In the late 1980s, legislatures began enacting laws to impose long prison terms on violent and repeat offenders, and courts were compelled to follow sentencing guidelines that removed much of the discretion traditionally granted to judges. Regardless of the circumstances of the crime, many judges determined their sentence by finding where the lines intersected on a chart with offenses listed on one axis and previous convictions on another. A first-offense rapist might get probation, where a shoplifter of cigarettes with three previous convictions got 20 years.
We’re now at a place where we are reconsidering those harsh mandatory sentences not because they may have been unjust, but because they are costing us too much money. We have more people in prison than any country in the world (with the possible exception of China), and we pay dearly to keep them there. Prison is definitely punishment. If anyone is rehabilitated through a prison program, it’s a miracle.
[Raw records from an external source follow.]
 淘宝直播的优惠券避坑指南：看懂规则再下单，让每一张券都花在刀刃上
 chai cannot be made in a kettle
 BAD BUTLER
It may be impossible to rehabilitate some people.
- Sometimes I think we should just abandon the idea of treatment for violent predatory offenders and simply warehouse them, providing them with basic comforts with the understanding that they’re never going to get out, and life can be tolerable if they behave themselves and don’t harm staff members or each other.
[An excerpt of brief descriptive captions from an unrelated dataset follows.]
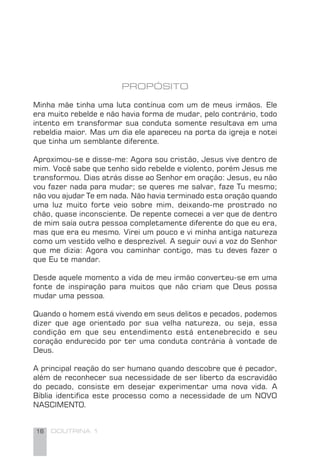 16 DOUTRINA 1
PROPÓSITO
Minha mãe tinha uma luta contínua com um de meus irmãos. Ele
era muito rebelde e não havia forma de mudar, pelo contrário, todo
intento em transformar sua conduta somente resultava em uma
rebeldia maior. Mas um dia ele apareceu na porta da igreja e notei
que tinha um semblante diferente.
Aproximou-se e disse-me: Agora sou cristão, Jesus vive dentro de
mim. Você sabe que tenho sido rebelde e violento, porém Jesus me
transformou. Dias atrás disse ao Senhor em oração: Jesus, eu não
vou fazer nada para mudar; se queres me salvar, faze Tu mesmo;
não vou ajudar Te em nada. Não havia terminado esta oração quando
uma luz muito forte veio sobre mim, deixando-me prostrado no
chão, quase inconsciente. De repente comecei a ver que de dentro
de mim saía outra pessoa completamente diferente do que eu era,
mas que era eu mesmo. Virei um pouco e vi minha antiga natureza
como um vestido velho e desprezível. A seguir ouvi a voz do Senhor
que me dizia: Agora vou caminhar contigo, mas tu deves fazer o
que Eu te mandar.
Desde aquele momento a vida de meu irmão converteu-se em uma
fonte de inspiração para muitos que não criam que Deus possa
mudar uma pessoa.
Quando o homem está vivendo em seus delitos e pecados, podemos
dizer que age orientado por sua velha natureza, ou seja, essa
condição em que seu entendimento está entenebrecido e seu
coração endurecido por ter uma conduta contrária à vontade de
Deus.
A principal reação do ser humano quando descobre que é pecador,
além de reconhecer sua necessidade de ser liberto da escravidão
do pecado, consiste em desejar experimentar uma nova vida. A
Bíblia identiﬁca este processo como a necessidade de um NOVO
NASCIMENTO.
- We need to provide much better funding to community mental health programs, because as many as 1/3 of inmates are seriously mentally ill and at least some of those are treatable.
- We need to fund more and better community corrections programs, where probation and parole officers have caseloads in the low double digits instead of the mid triples.
- We also need more and better drug treatment programs with some bite to them: you get treatment as long as you work the program. If you drop out, there will be serious and unpleasant consequences.
If we don’t do these things or something like them, we’re going to wind up as a society that exists mainly to keep its criminals in jail.